Gerusalemme, un sabato al muro del pianto sognando la pace
Sono già venuto diverse volte a visitare il Muro del Pianto e a osservare i fedeli ebraici assorti nelle loro preghiere. Oggi però, forse perché è una giornata fresca di sole, o forse perché in questi giorni sono particolarmente recettivo, questa scena familiare mi colpisce più del solito e arriva quasi ad emozionarmi.

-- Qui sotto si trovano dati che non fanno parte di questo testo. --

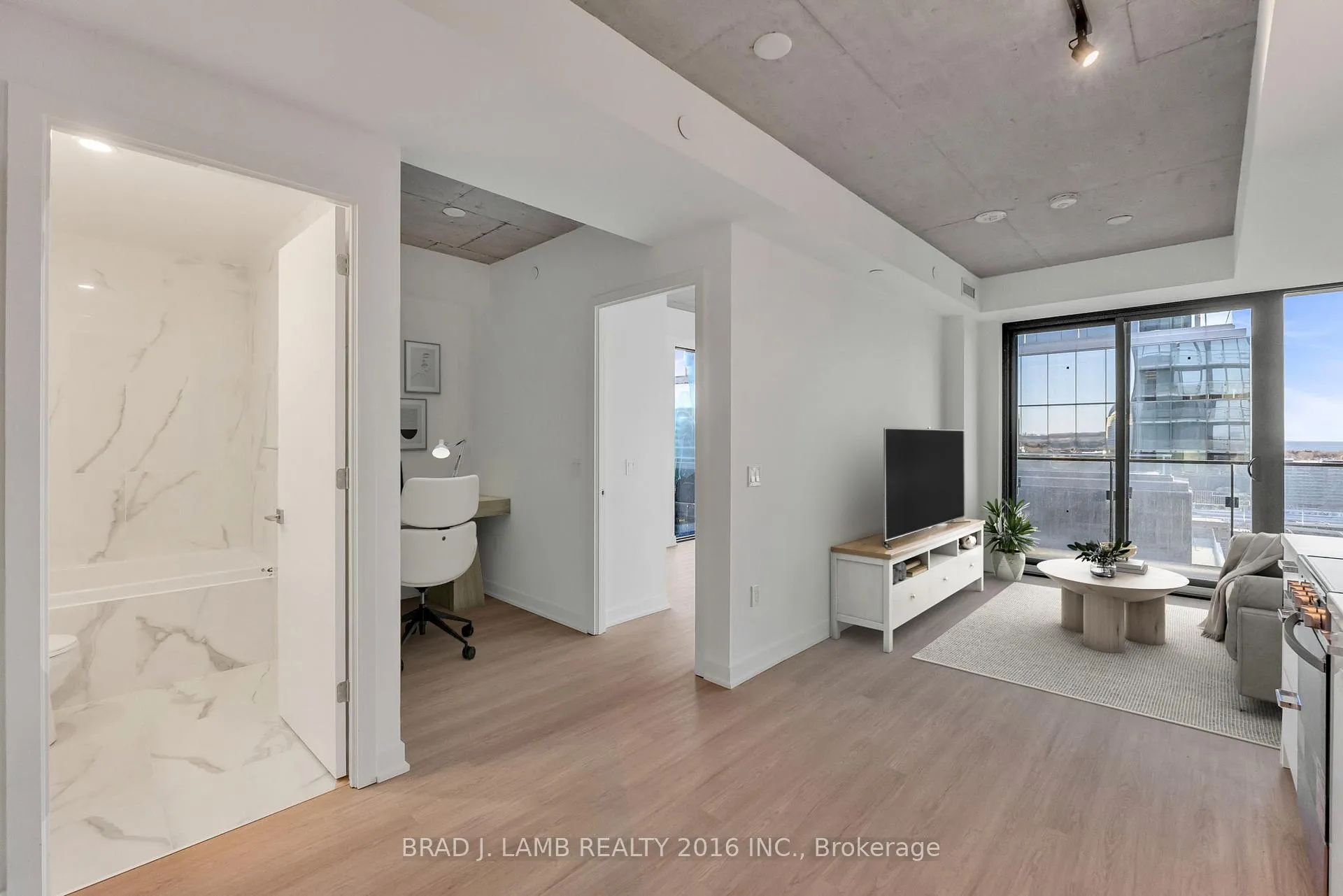 Photo 1 of Unit 2002, 284 King Street E, Toronto, Moss Park — HOMEH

E’ sabato mattina, siamo nel pieno dello Shabbat ebraico, e per questo mi aspettavo di vedere soprattutto degli ebrei ortodossi, con il loro classico abito nero e il loro cappello a tesa larga. Effettivamente il venerdì sera, giusto all’inizio dello Shabbat, la città vecchia di Gerusalemme si riempie di ebrei ortodossi, in arrivo da tutte le direzioni, a passo spedito, con lo sguardo fisso di fronte a loro, tutti concentrati per giungere in tempo al Muro del Pianto prima del tramonto. Più o meno dopo un’ora, inizia il riflusso, e le masse di fedeli ebraici si allontanano dalla piazza del Muro ed escono dalla città vecchia per tornare alle loro case.

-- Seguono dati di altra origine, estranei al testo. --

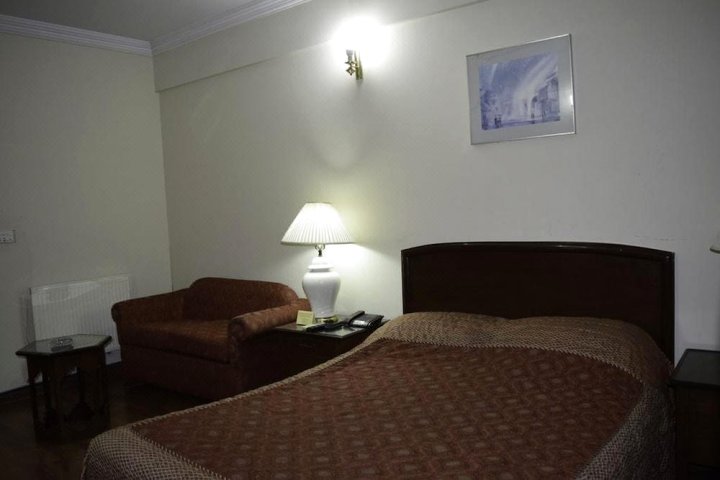 拉合尔卡尔顿塔酒店(Carlton Tower Hotel Lahore)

Oggi invece per mia sorpresa al Muro ci sono persone di tutti i tipi: molti di loro si saranno messi la kippah* sul capo solo per il momento della preghiera, e se la toglieranno cinque minuti dopo per tornare alla loro vita di tutti i giorni. Qualcuno porta con sè un bigliettino con una breve preghiera e lo infila piegato nelle fessure tra le grandi pietre. Qualcun’altro legge o recita a bassa voce dei passi della Torah. Altri invece sono immersi in una preghiera interiore e piegano regolarmente il capo, in un movimento ritmico, regolare, di fronte al Muro. Ognuno prega a modo suo, in maniera spontanea, individuale, e molto personalizzata.
Tradizionalmente gli ebrei sono venuti qui per secoli a lamentarsi e piangere per la distruzione del Secondo Tempio, raso al suolo dai romani durante la repressione delle rivolte ebraiche. Il Muro sostiene dal lato occidentale la Spianata delle Moschee, dove duemila anni fa sorgeva il tempio e dove da più di mille anni si trovano invece la Cupola della Roccia e la Moschea di al-Aqsa. Quest’area è considerata il più importante luogo santo dell’Ebraismo, e il terzo luogo più santo dell’Islam.
Questa mattina mentre osservo i fedeli in preghiera cerco per una volta di mettermi nei loro panni. L’esistenza degli ebrei nei secoli scorsi è stata forgiata dalla discriminazione e dalla sofferenza. Persino il loro luogo più sacro, il loro oggetto di massima venerazione, si è fondato in realtà su un’assenza, su una negazione: su un edificio distrutto due millenni fa da un impero più forte e più brutale del loro antico regno, e mai più ricostruito. Per un popolo vissuto nella diaspora, per un popolo di peregrinanti e di transmigratori, per un popolo senza vera casa e senza rifugio sicuro, quale simbolo più tragicamente appropriato di un tempio inesistente, di un santuario perduto?
Questa mattina dimentico per un attimo l’occupazione dei territori palestinesi, dimentico l’arroganza dell’esercito e del governo israeliano, e mi soffermo a pensare agli ebrei, alla loro storia gloriosa e tragica, e alla loro religione molto simile al cristianesimo ma per me ancora misteriosa e sconosciuta. Un popolo che ha sofferto per secoli e che meritava e merita di avere uno suo spazio, una sua terra, un suo rifugio. Un popolo che ha diritto alla sua sovranità e alla sua libertà, ma senza negarla agli altri.
Quattro appunti
*Tipico copricapo rotondo utilizzato dagli ebrei osservanti maschi, in particolare nei luoghi di culto.